出来ないときはシリアルに牛乳をかけることも出来ない。
このところ料理が出来てうれしい。
理由のひとつは母が料理をするところを見学したことだと思う。
母はわたしと暮らしていた頃、料理でしてはいけないことをいくつか言った。
塩分のとり過ぎはいけない。
砂糖は体によくない。
肉はなるべく食べない方がいい。
野菜は無農薬を、たくさん、様々な種類を、毎日とらなければ病気になる。
お米は水が透き通るまで研ぎ、水平な場所できっちり水加減をしなければならない。
揚げ物は体に悪い。
等々。
母はこれらを危険な伝染病の警告のように、繰返し恐ろしげに語り、わたしはアスペっ子らしくこれらをかなり真に受けて大人になった。
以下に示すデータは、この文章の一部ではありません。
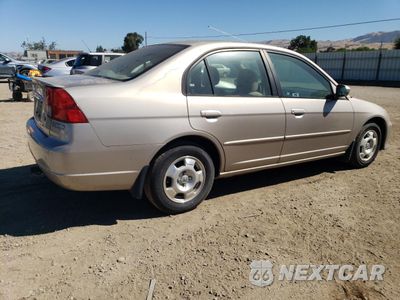 Trzecie zdjęcie samochodu z tyłu: 2003 HONDA CIVIC HYBRID VIN:JHMES96603S003665 - miniatura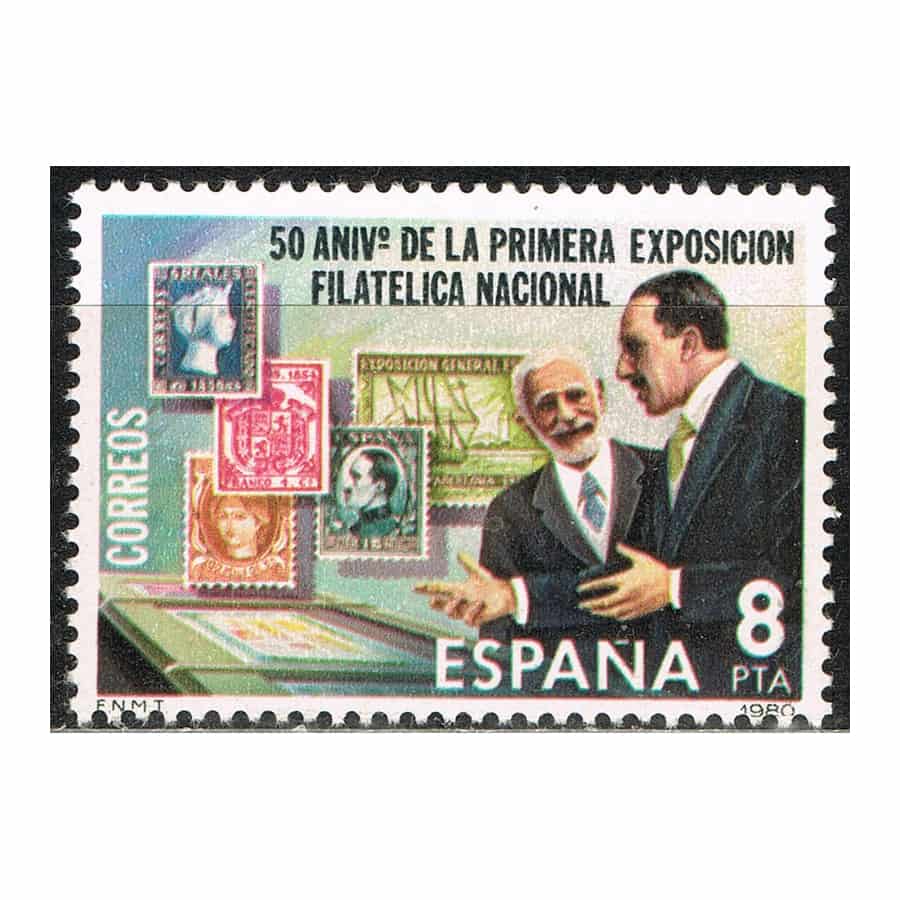 España 1980. Exposición nacional de filatelia (MNH) ED#2576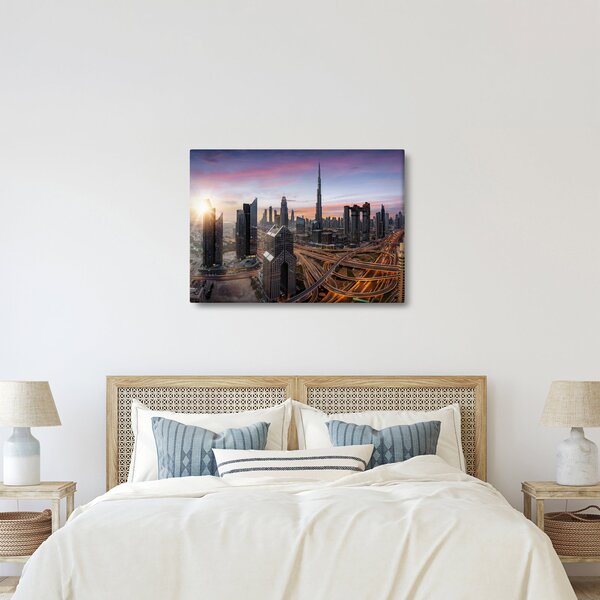 Obraz - Panorama Dubaje (70x50 cm)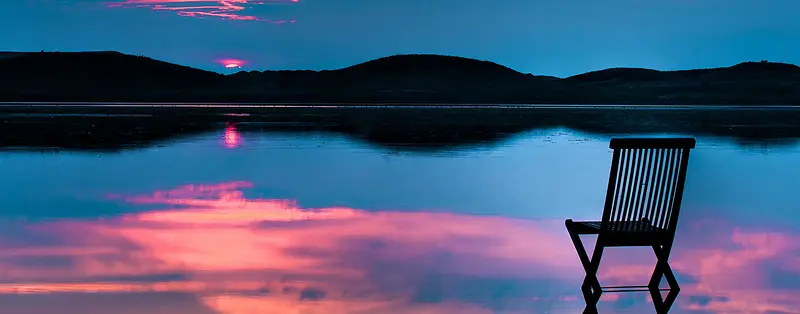 唯美夕阳海报淘宝海报背景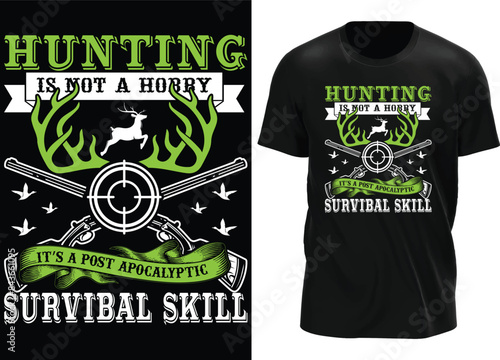 Hunting T shirt Design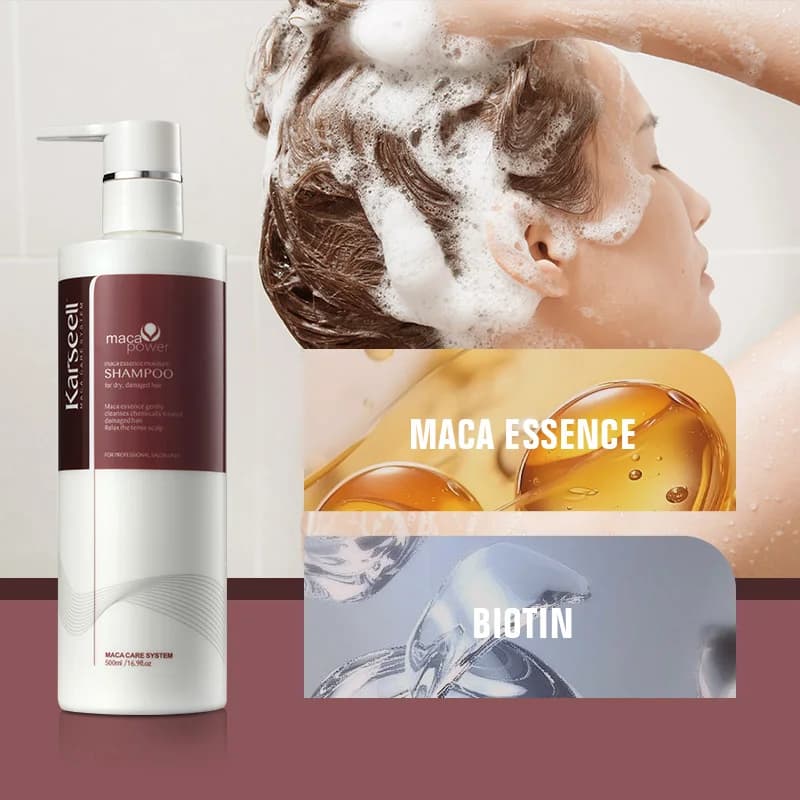 Karseell 500 ml shampooing à l'huile d'argan extrait de plantes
そして体の調子が悪くなると、これらは呪いのように強力に働いた。
野菜は無農薬野菜でなければならない。
もちろん肉は出所確かで育ちがよくなければならない。
つまりスーパーや八百屋で見知らぬ食材を買ってはならない。
料理に塩を使うのはいけないこと、砂糖はもっといけないことだと思う。醤油の色がつくほど醤油を使うのは失敗している証拠。
食材を腐らせてはいけない、出来合いのものを買うのは無駄遣い、電気やガスは節約しなければならない。
こういう禁止事項の中で最も恐ろしいのは「家族に食事を用意しないのはいけない」。
わたしは禁止事項に包囲されながら、料理が作れないと自分には生きる資格がないと感じた。